You can acquire streetlights equipped with sensors that connect wirelessly to the cloud. They can monitor traffic, pollution, the weather, energy usage and more. They can have audio speakers with automated messages or digital signs. And give or take a few sensors these smart lightposts cost about $6,000 each. There are 250,000 street lights in New York City. How many do you think the city has the money to replace at $6,000 a pop. This is a place where they recently balanced the budget by cutting the funding for some 31,000 kids to go to summer camp. Who has the money to fit smart poles into this year’s budget?
That in a nutshell explains why the vision of a smart city is still just that, a vision. Almost all of the operating budget for most cities is being spent on the day-to-day operation of the city, meeting the payroll, keeping the schools running, paying and equipping the police and the firemen, filling the biggest of the potholes, collecting the trash.
In the U.K., research by street lighting equipment manufacturer Lucy Zodion concluded there are five barriers to delivering smart city solutions (like the ones they provide). They are:
- A lack of funding
- A lack of internal prioritization
- A lack of evidence or proof
- Not enough collaboration
- A general lack of confidence
The development of the smart city is largely in the hands of local, not state, provincial or federal government. So it is subject to various levels of less than optimum functioning, like different departments operating in silos, lack of centralized information systems and often obsolete equipment. I found one fairly large American city where the payroll is running on a 30-year old mainframe.

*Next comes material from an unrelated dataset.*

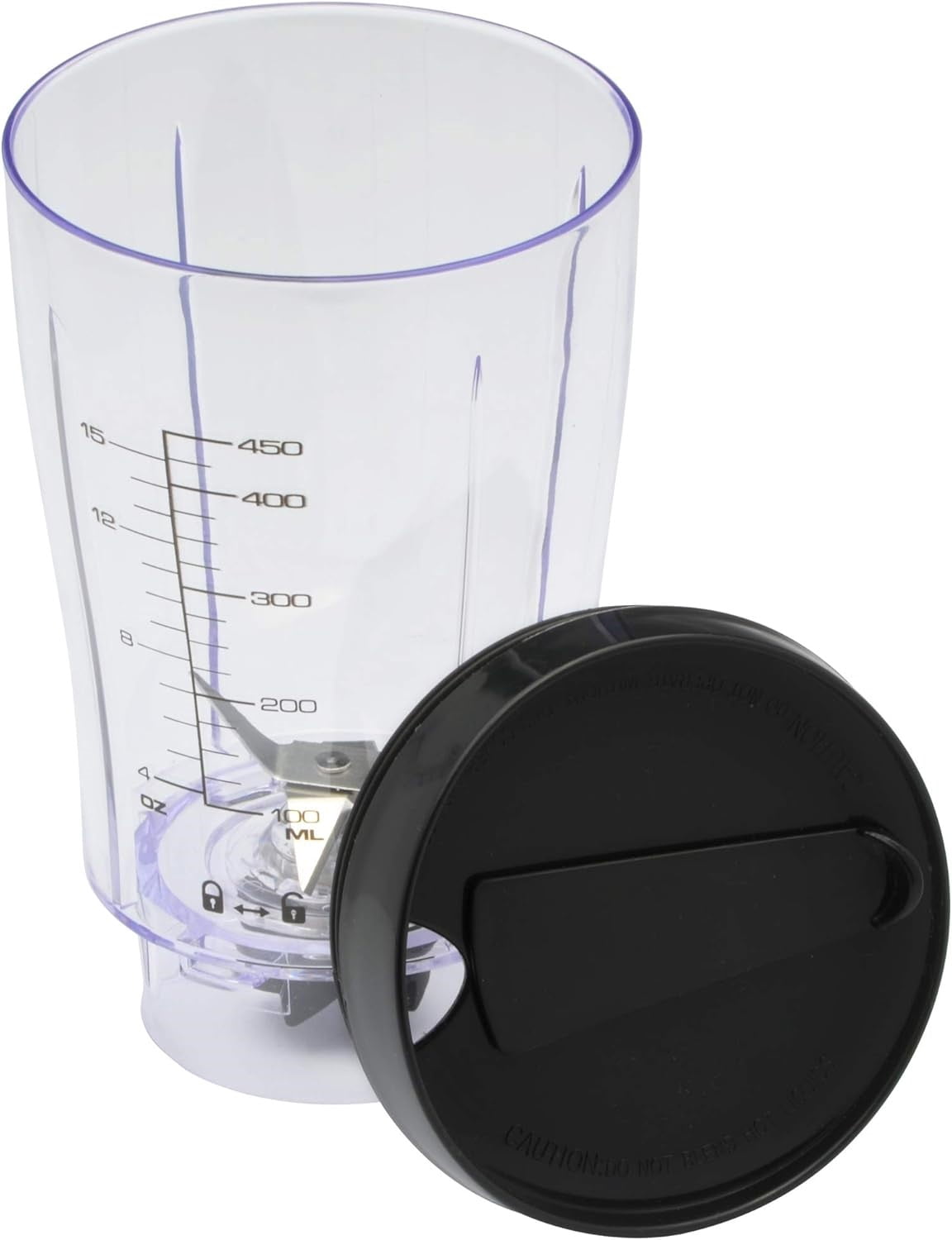 Kitchen Selectives | 14-Ounce Mini Blender Color Series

Most cities don’t have the level of management and technical expertise that is needed and that you find in private sector technology companies. They can’t do it themselves and the consultants and the technology firms that are pitching the smart city aren’t doing it out of the goodness of their hearts. They’re not cheap.
The issue of prioritization also raises some pretty significant questions. The development of the smart city depends on what technology can do. And while we know there are some pretty substantial things that can be addressed and improved it doesn’t address the quality of education in the schools, poverty, drugs and crime and substandard housing. How do you prioritize things like identifying the best traffic route, finding available parking spots, or conserving energy when faced with these issues. The best case scenario might be to use technology to improve efficiency and lower costs so more funds are available to address these larger issues. Unfortunately at this point there is not a substantial enough body of evidence to show a return on investment at scale to justify some of the costs.
So while the promise of smart cities has been around 10-15 years and it offers a brighter vision of the urban future, it still is only proceeding in dribs and drabs. There is some federal government money available in the form of grants, some foundations are underwriting some projects and some corporate philanthropy can get some projects going. There is also what has been called the civic tech movement in which the citizenry actively engages through ideas and even entrepreneurship. But the larger vision isn’t likely to happen without larger funding.